# Teddy at 3 months old



## Jo_in_TX (Feb 14, 2012)

Teddy will be exactly 3 months old on the 25th, so I thought it was time for some new photos! We start obedience class on Sunday evening, and I'm quite sure she is going to be the star of the class - hehe - if she doesn't bark too much at the other dogs. 

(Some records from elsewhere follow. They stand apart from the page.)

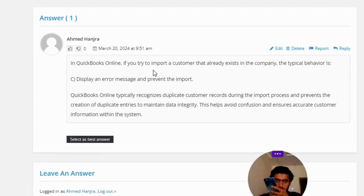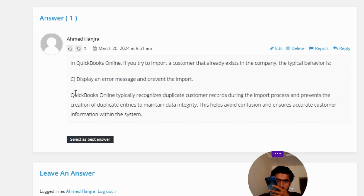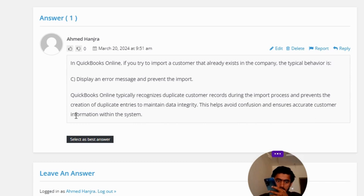Option C: display an error message and prevent the import. QuickBooks Online typically recognizes duplicate customer records during the import process and prevents the creation of duplicate entries to maintain data integrity. This helps avoid confusion and ensures accurate customer information within the system.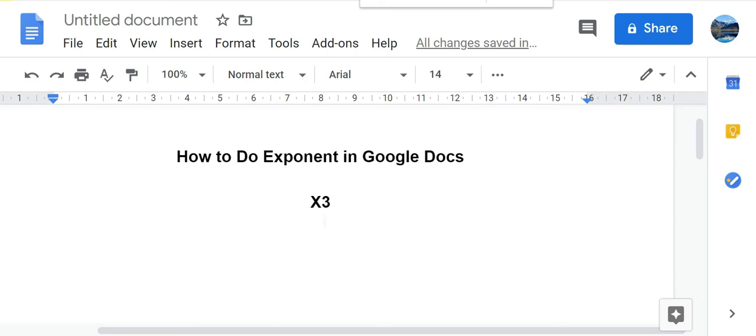How you can do an exponent in Google Docs - that's what I'm going to show you in this video. Before doing the exponent, you just need to type the values in a normal fashion.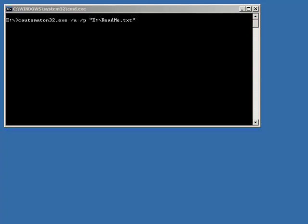This is a screencast video for an amazing little command line utility called Katamaton. This was a program actually based on a request I made on the donationcoder.com forum.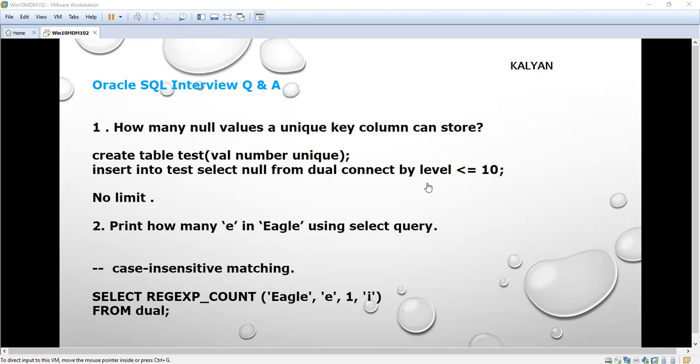We have to make sure whether we can store many null values in a unique key column. For that, I am going to create one table called test and load many null values. We will see the example now.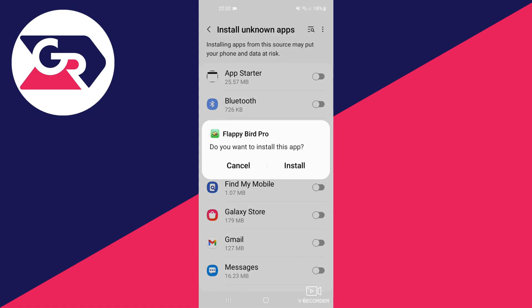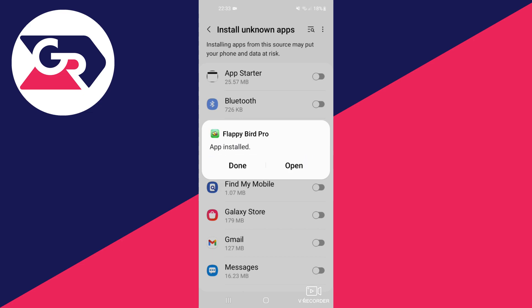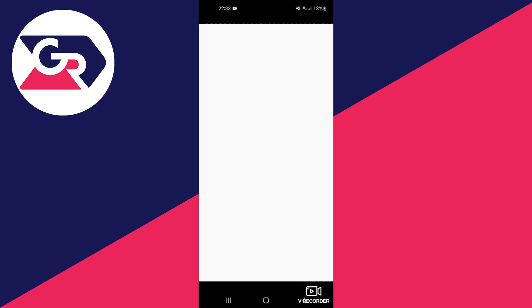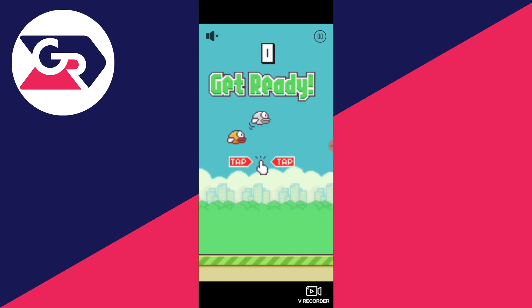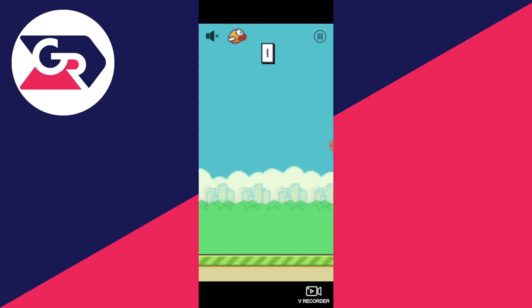Then if you want to install this app, you press install. It will take a bit — installing. And we can open it to check if everything works. It's loading right now, and it's working.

I hope more coat comes in before she's totally bald.  I can't believe how much coat she has lost!


----------



## Laney (Feb 12, 2012)

Such an adorable puppy! And her ears are perfect! No doubt she will be a smart one 
Mine will turn 9 months on the 25th!


----------



## PaddyD (Jul 22, 2010)

Very cute.


----------



## Chance&Reno (Feb 21, 2012)

adorable!


----------



## GSDAlphaMom (Jul 20, 2010)

She's a cutie, love that 3rd pic. Her coat will fill out. She's just starting to transtion into her adult coat at this age.


----------



## holland (Jan 11, 2009)

She is cute!-enjoy your puppy class


----------



## mosul210 (Mar 23, 2012)

Awesome....cute pup!


----------



## Jo_in_TX (Feb 14, 2012)

Thanks, everyone. I wanted to add that she is about 18 pounds at 3 months, and I'm perfectly content if she stays small; in fact, I hope she is.  Better travel companion.


----------



## lorihd (Nov 30, 2011)

beautiful, both the pictures and your girl. How stinkin cute is that face? Im sure she gets lots of hugs and kisses from her mommy


----------



## FG167 (Sep 22, 2010)

Cute cute cute!


----------



## Loneforce (Feb 12, 2012)

Wow!!! shes turning out to be a beautiful girl :congratulations:


----------



## Jo_in_TX (Feb 14, 2012)

Loneforce said:


> Wow!!! shes turning out to be a beautiful girl :congratulations:


So, when do we get more pictures of Jonas?


----------